半導体製造装置の心臓部である半導体露光機大手3社が新たな成長戦略を打ち出した。唯一のEUV(極紫外線)露光機ベンダーである蘭ASMLは、次々世代微細化プロセスを可能にする高開口度(NA=0.55)機の普及を推進するため、露光機だけではなくフォトマスクなど次世代リソグラフィ技術基盤の整備にも注力している。
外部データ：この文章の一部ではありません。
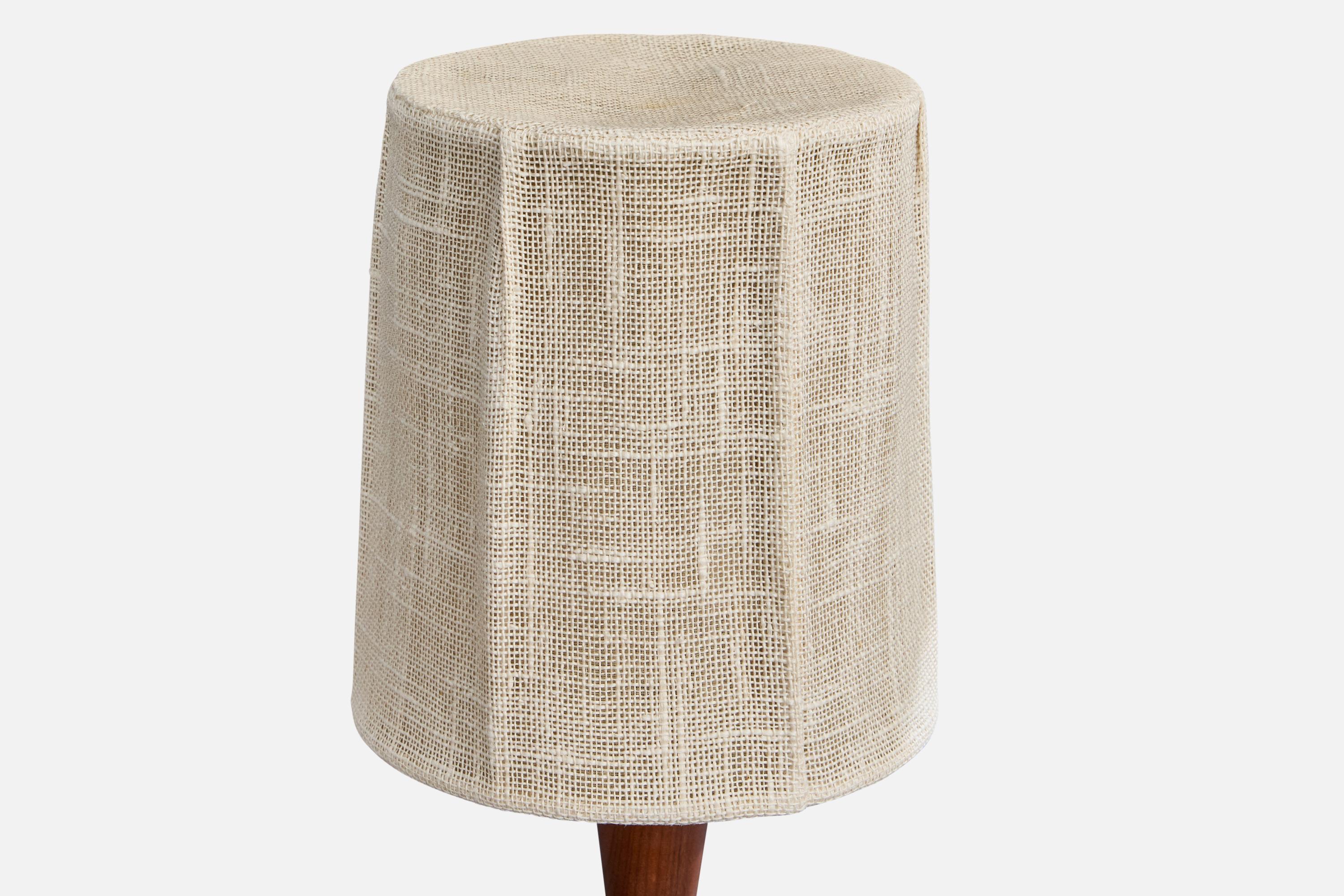 Suédois Designer suédois, lampe de table, teck, tissu, Suède, années 1950 en vente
対してニコン、キヤノンの国内勢は、ArF(フッ化アルゴン)露光機事業の強化を進めることにした。露光機販売が低迷するニコンは業界標準といえるASMLのArF液浸機と互換性を持たせた新機種の開発に着手、シェア拡大を目指す。ArF機をもたないキヤノンはArFドライ方式露光機市場へ新規参入することでさらなる成長を図る。半導体露光機業界は技術革新を牽引するASMLを頂点に、日本勢が棲み分ける構図が明確になってきた。
独走するASML、高開口度EUV普及へ基盤整備
半導体業界はロジックもメモリーもプロセス微細化の動きが止まらない。TSMCは建設中の2ナノメートルプロセス対応量産工場である台湾・新竹市のFab20と高雄市のFab22を2025年内にも稼働する見通しである。米アリゾナのFab21でも、2028年以降に2ナノ品を量産するなど先端プロセスを牽引する。
2030年頃には2ナノメートル以下の微細化に対応する3次元トランジスタ「CFET」が登場しそうだが、このCFET生産に必須とされるのが高開口度のEUV露光機。解像度を上げるには波長を短くするのが有効だが、13.5ナノメートルのEUV光は限界といえ、あとは光学系を工夫して開口度を上げるしかない。
ASMLは、1台600億円ともされる高開口度露光機の初号機「EXE:5000」を2023年末にインテルに出荷済みだ。TSMCもインテルも半導体受託生産で勝ち抜くにはいち早く次世代プロセスを取り入れる必要があることから、いくら高くても高NA機は争奪戦である。